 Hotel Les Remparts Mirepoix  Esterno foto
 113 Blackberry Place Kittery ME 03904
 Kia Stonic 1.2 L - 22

ASSIGNMENT: All of the data shown above should be printed exactly as given.

REPLY TO THE TASK:
 Hotel Les Remparts Mirepoix  Esterno foto
 113 Blackberry Place Kittery ME 03904
 Kia Stonic 1.2 L - 22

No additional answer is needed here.